Du hattest mir kürzlich auf sehr nette Weise geantwortet. Dafür möchte ich mich bei Dir an dieser Stelle herzlich danken. Du hast u.a. geschrieben:

"Ich habe bisher den Eindruck gewonnen, daß Du ein aufrichtiger Diskussionspartner bist, der es sich, aber auch den anderen hier nicht leicht macht bei der Behandlung von Themen und auf überzeugenden Argumenten beharrt; aber das kann ja nur gut sein für ein Diskussionsforum."

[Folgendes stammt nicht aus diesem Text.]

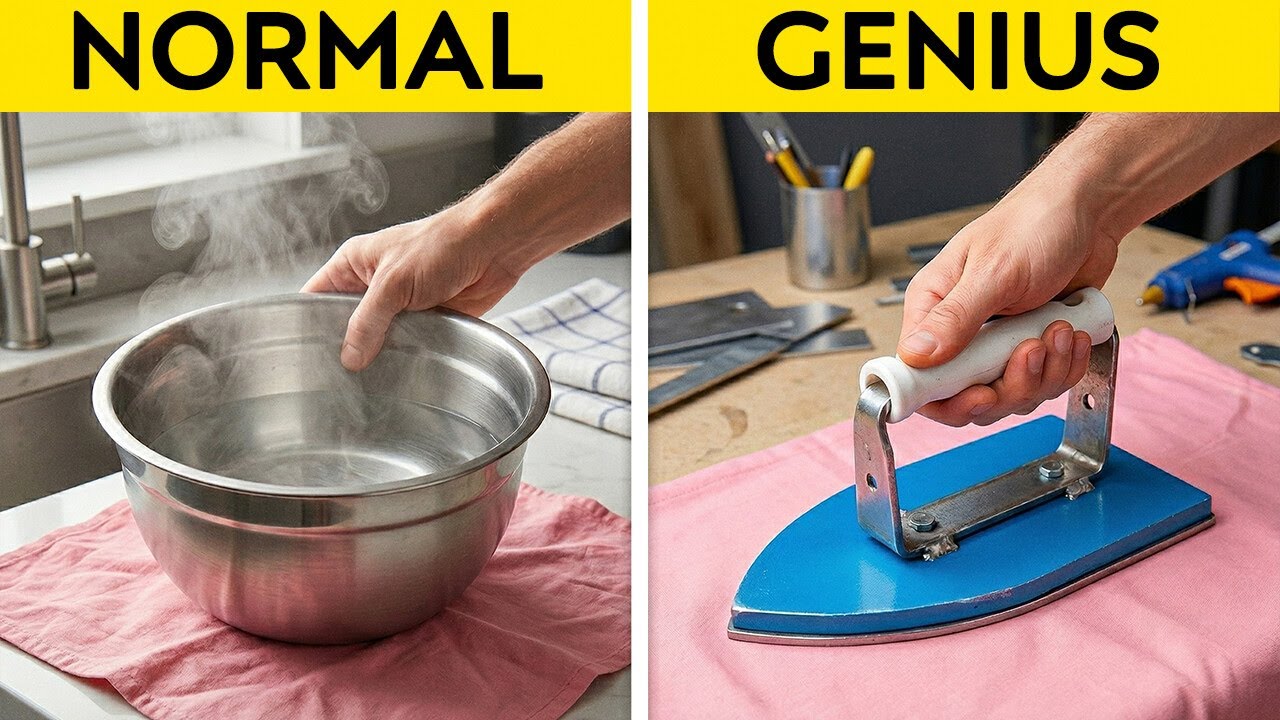 Genius DIY Gadgets for a Modern Home 🛠️💡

Diese Bemerkung fasse ich uneingeschränkt als Kompliment auf. Ich will es mir und anderen im Hinblick auf viele hier diskutierte Fragen nicht leicht machen. Beispielsweise wäre es mir viel zu einfach, alle Menschen, die sich von der HLT-Kirche entfernt haben und ihr kritisch gegenüberstehen, pauschal als „Anti-Mormonen“ zu bezeichnen und ihre Haltung auf einen von zwei Gründen zurückzuführen: Entweder haben sie schwer gesündigt oder sind von jemandem beleidigt worden. Eine solche Auffassung betrachte ich persönlich als unfair und pauschalisierend. Umgekehrt fällt es mir schwer, es unwidersprochen hinzunehmen, wenn allen Mitgliedern der HLT-Kirche unisono bestimmte Persönlichkeitseigenschaften zugeschrieben oder ihnen bestimmte Ansichten unterstellt werden. Denn so einfach ist die Sache nicht.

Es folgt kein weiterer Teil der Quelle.